Quando, tra la fine dei ’70 e l’inizio degli ’80 David Grisman propose la sua personalissima interpretazione musicale (alcuni la chiamavano ‘new acoustic music’, lui preferì personalizzarla in ‘Dawg music’) certamente aprì nuovi orizzonti sonori, tecnici e compositivi. La sua musica strumentale sapeva in modo elegante trovare un equilibrio ritmico, melodico e armonico tra bluegrass, jazz, folk e classica. E suonava freschissima e originale.
Oggi, più di vent’anni dopo, le fonti musicali si sono persino ampliate accogliendo molti spunti sudamericani (come il divertente reggaettino Slade dedicato all’amico chitarrista Charles Sawtelle), ulteriori riferimenti jazzistici e perigliose escursioni in territori world.
Eppure, la formula musicale risulta stantia. Il disco, dopo un discreto inizio, stenta a decollare e nonostante il valore di alcuni dei compagni di Grisman (il percussionista/violinista Joe Craven su tutti) alla fine risulta piuttosto noioso.
Nonostante David ci piazzi (per diversificare ulteriormente l’ascolto) ben quattro duetti con ciascuno dei suoi compagni d’avventura (ottimo Desert Dawg, proprio con Craven). Lascia insoddisfatti anche l’uso del flauto (che aggiunge un che di demodé) così come delude il chitarrista argentino Enrique Coria (che, come direbbe qualcuno, non ci azzecca proprio).

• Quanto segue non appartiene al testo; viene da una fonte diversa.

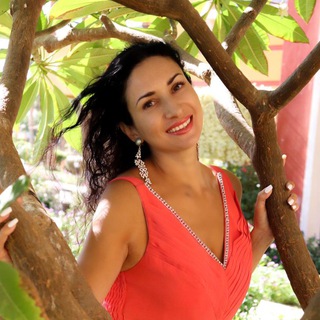 Логотип @mariahurgada - Мария Кассаб🧘🏻‍♀️Йога и жизнь🌿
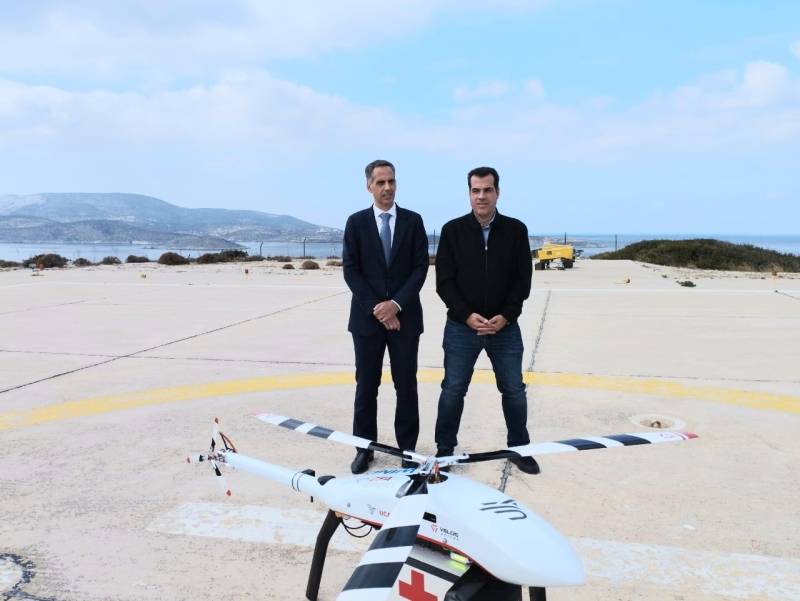 Μεταφορά φαρμάκων με drone σε μικρά νησιά του Αιγαίου                                        drone                                                  2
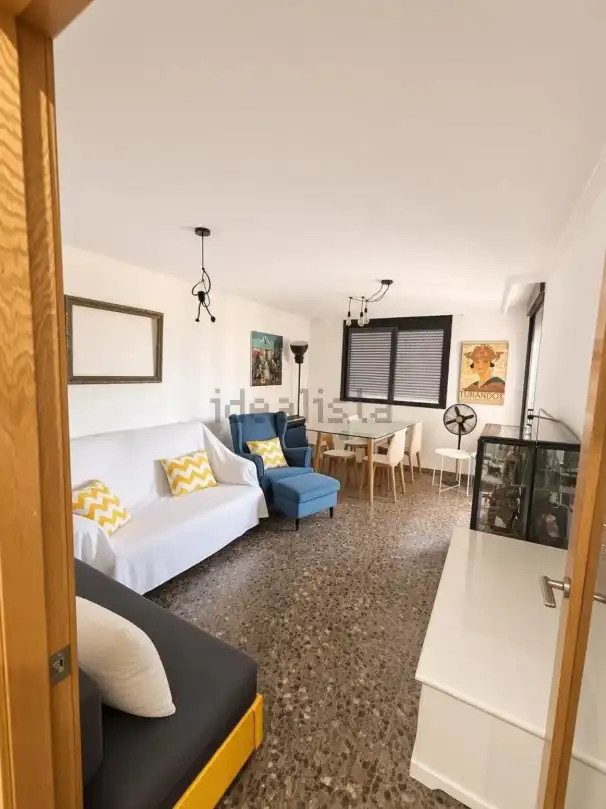 Living room of Flat for sale in Silla  with Air Conditioner, Heating and Balcony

Oltre a Slade, piacciono Twin Town, in cui si risente il doppio mandolino, una volta inconfondibile ‘trademark’ del Grisman Quintet, e la sincopatissima Dawgnation, composizione degna dei tempi d’oro. Ma da un musicista che ha saputo fare della creatività stilistica e della brillantezza creativa le proprie armi di forza è lecito aspettarsi molto di più.